:: WORK REQUEST ::
The records below are to be set down word for word, with every picture left out.

= Beginning of Section =

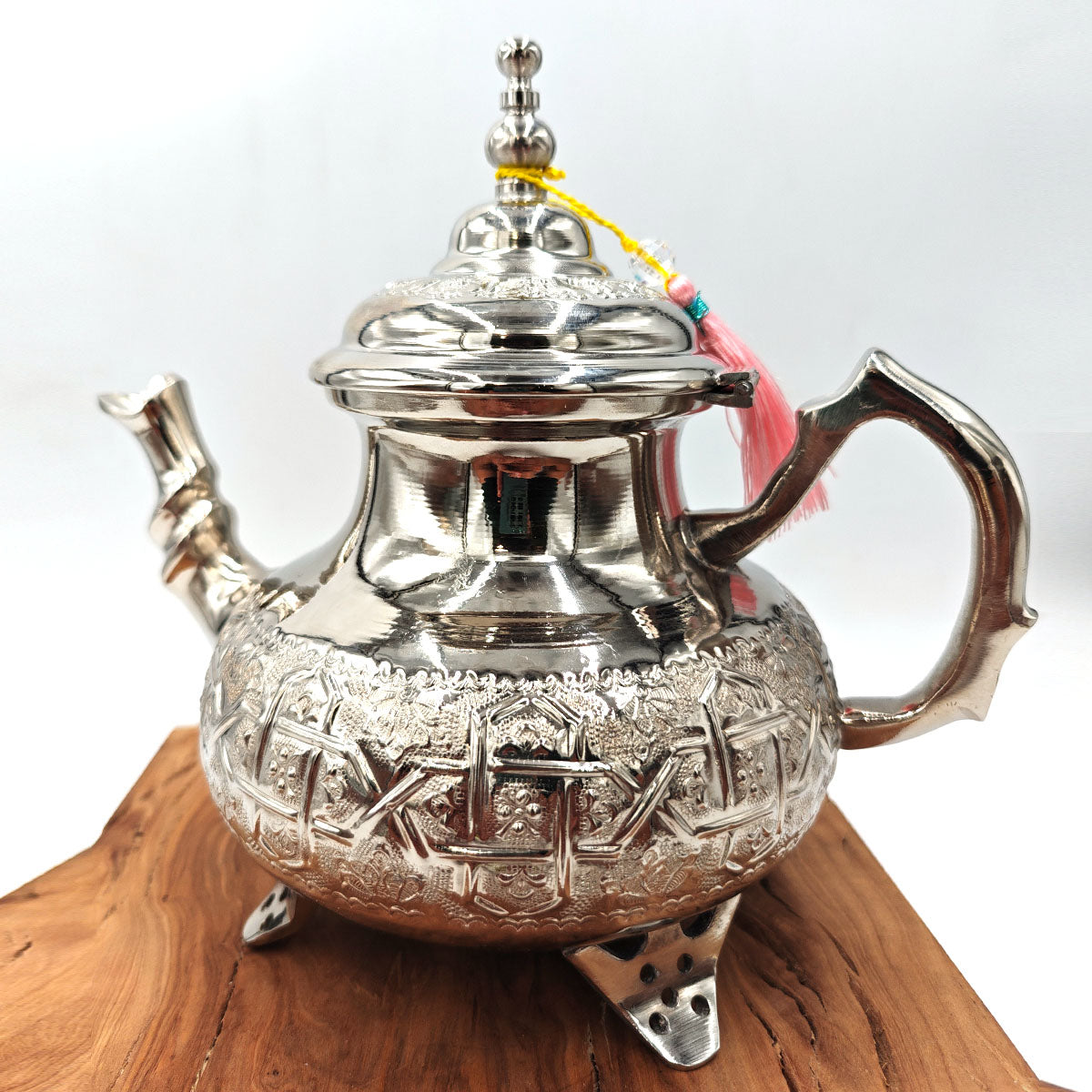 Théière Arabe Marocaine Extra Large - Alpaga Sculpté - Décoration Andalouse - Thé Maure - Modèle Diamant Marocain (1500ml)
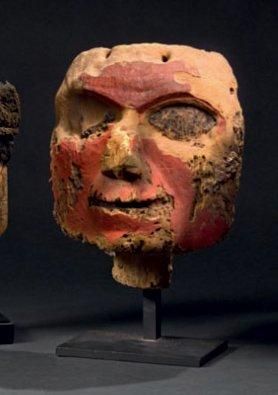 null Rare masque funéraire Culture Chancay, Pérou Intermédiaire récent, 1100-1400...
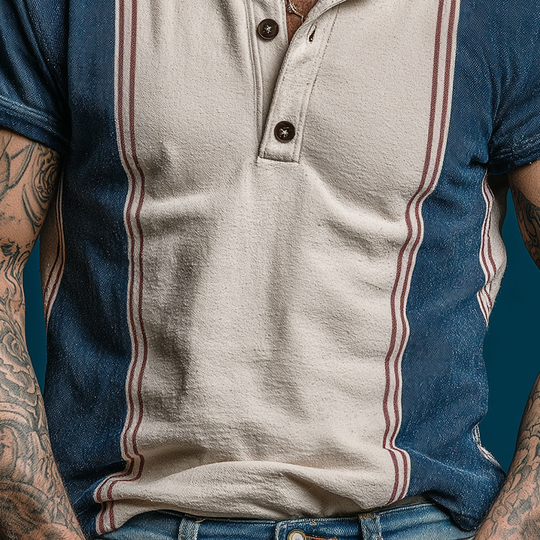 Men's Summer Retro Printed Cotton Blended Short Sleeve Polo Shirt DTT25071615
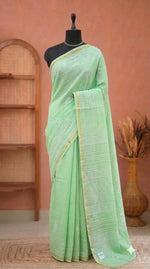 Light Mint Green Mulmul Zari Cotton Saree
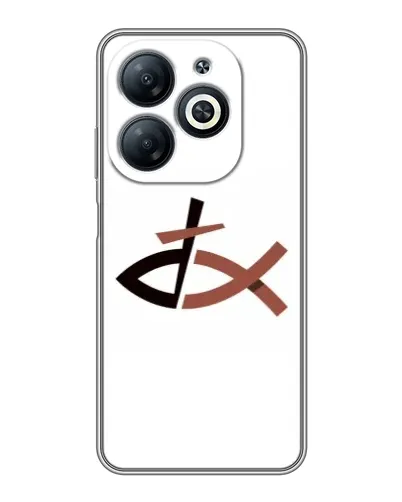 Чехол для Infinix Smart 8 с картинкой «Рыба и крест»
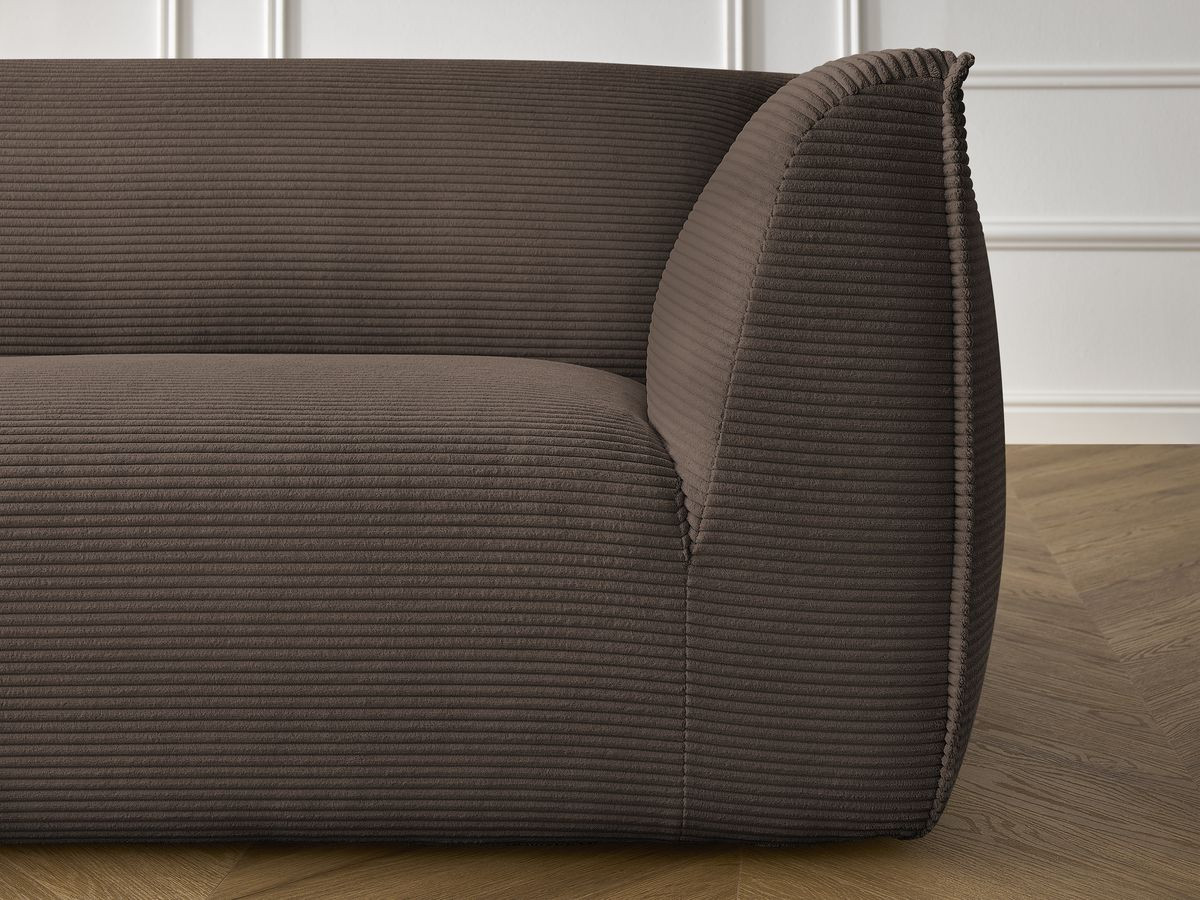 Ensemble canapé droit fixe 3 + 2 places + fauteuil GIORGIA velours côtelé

= End of Section =

:: SOLUTION FOR THIS EXERCISE ::
 Théière Arabe Marocaine Extra Large - Alpaga Sculpté - Décoration Andalouse - Thé Maure - Modèle Diamant Marocain (1500ml)
 null Rare masque funéraire Culture Chancay, Pérou Intermédiaire récent, 1100-1400...
 Men's Summer Retro Printed Cotton Blended Short Sleeve Polo Shirt DTT25071615
 Light Mint Green Mulmul Zari Cotton Saree
 Чехол для Infinix Smart 8 с картинкой «Рыба и крест»
 Ensemble canapé droit fixe 3 + 2 places + fauteuil GIORGIA velours côtelé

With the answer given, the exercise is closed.